#### EXERCISE BRIEF:
What you return should be the full listing, word for word, without a single image.

#### DATA BELOW:
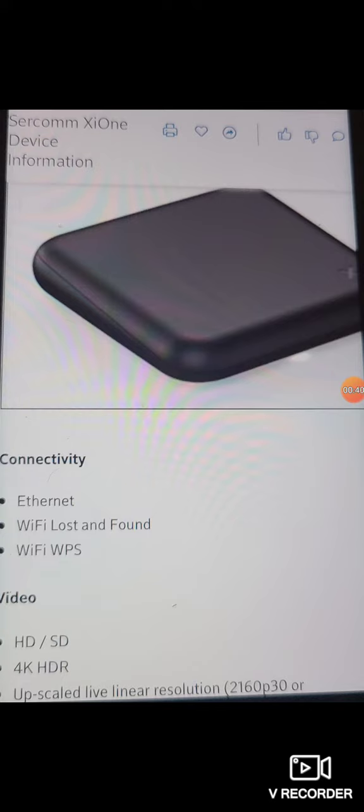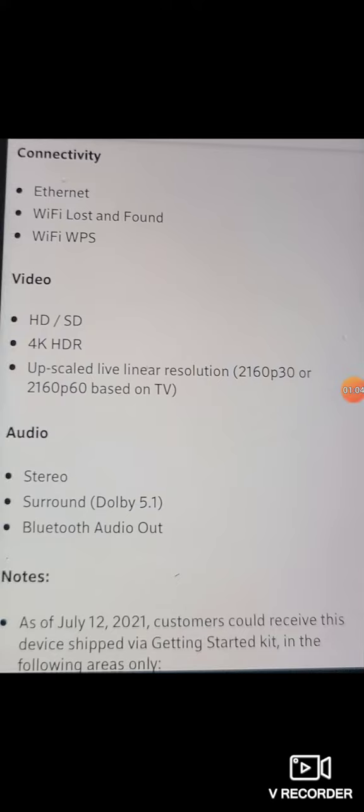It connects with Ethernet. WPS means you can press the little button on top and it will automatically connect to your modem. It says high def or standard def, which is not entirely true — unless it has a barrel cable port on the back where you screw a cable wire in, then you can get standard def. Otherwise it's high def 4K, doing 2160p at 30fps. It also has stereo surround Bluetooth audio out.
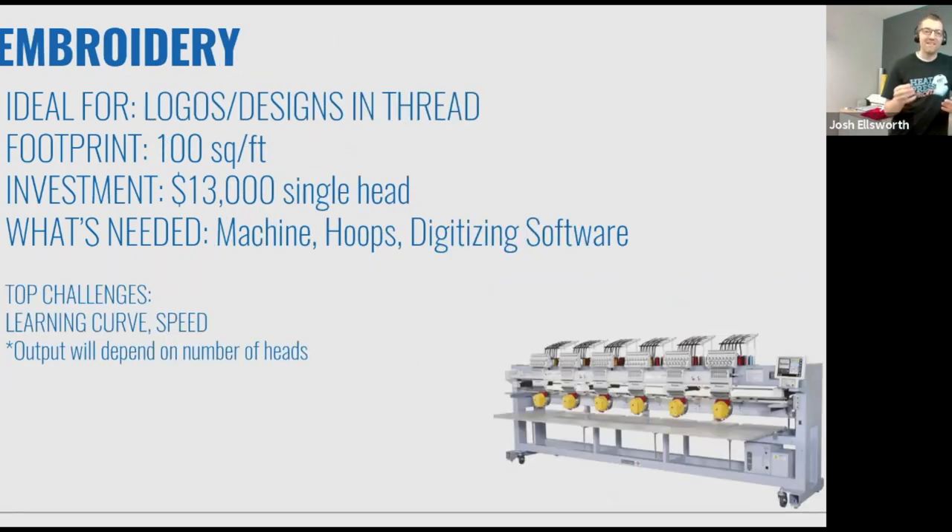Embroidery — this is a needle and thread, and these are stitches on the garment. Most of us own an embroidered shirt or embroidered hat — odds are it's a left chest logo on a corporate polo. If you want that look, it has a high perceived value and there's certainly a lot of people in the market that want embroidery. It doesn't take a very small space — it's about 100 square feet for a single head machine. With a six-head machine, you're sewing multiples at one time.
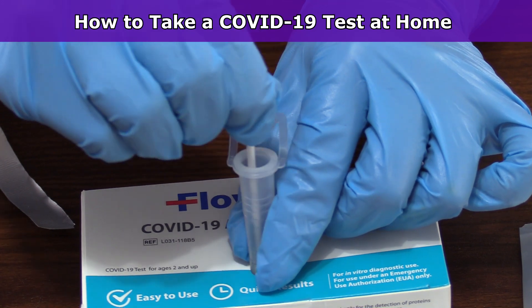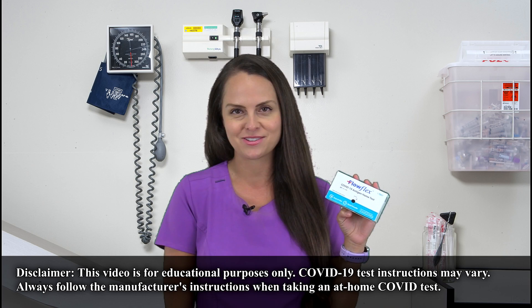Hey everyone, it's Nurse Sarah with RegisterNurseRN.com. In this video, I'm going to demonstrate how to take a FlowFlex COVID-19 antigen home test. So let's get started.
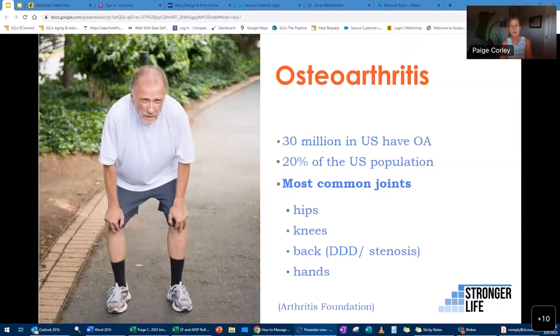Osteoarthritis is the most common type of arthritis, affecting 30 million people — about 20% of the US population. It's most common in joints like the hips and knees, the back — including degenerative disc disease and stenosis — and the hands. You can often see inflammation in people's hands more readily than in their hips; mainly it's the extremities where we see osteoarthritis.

#### OUTPUT OF THE TASK:
It connects with Ethernet. WPS means you can press the little button on top and it will automatically connect to your modem. It says high def or standard def, which is not entirely true — unless it has a barrel cable port on the back where you screw a cable wire in, then you can get standard def. Otherwise it's high def 4K, doing 2160p at 30fps. It also has stereo surround Bluetooth audio out.
Embroidery — this is a needle and thread, and these are stitches on the garment. Most of us own an embroidered shirt or embroidered hat — odds are it's a left chest logo on a corporate polo. If you want that look, it has a high perceived value and there's certainly a lot of people in the market that want embroidery. It doesn't take a very small space — it's about 100 square feet for a single head machine. With a six-head machine, you're sewing multiples at one time.
Hey everyone, it's Nurse Sarah with RegisterNurseRN.com. In this video, I'm going to demonstrate how to take a FlowFlex COVID-19 antigen home test. So let's get started.
Osteoarthritis is the most common type of arthritis, affecting 30 million people — about 20% of the US population. It's most common in joints like the hips and knees, the back — including degenerative disc disease and stenosis — and the hands. You can often see inflammation in people's hands more readily than in their hips; mainly it's the extremities where we see osteoarthritis.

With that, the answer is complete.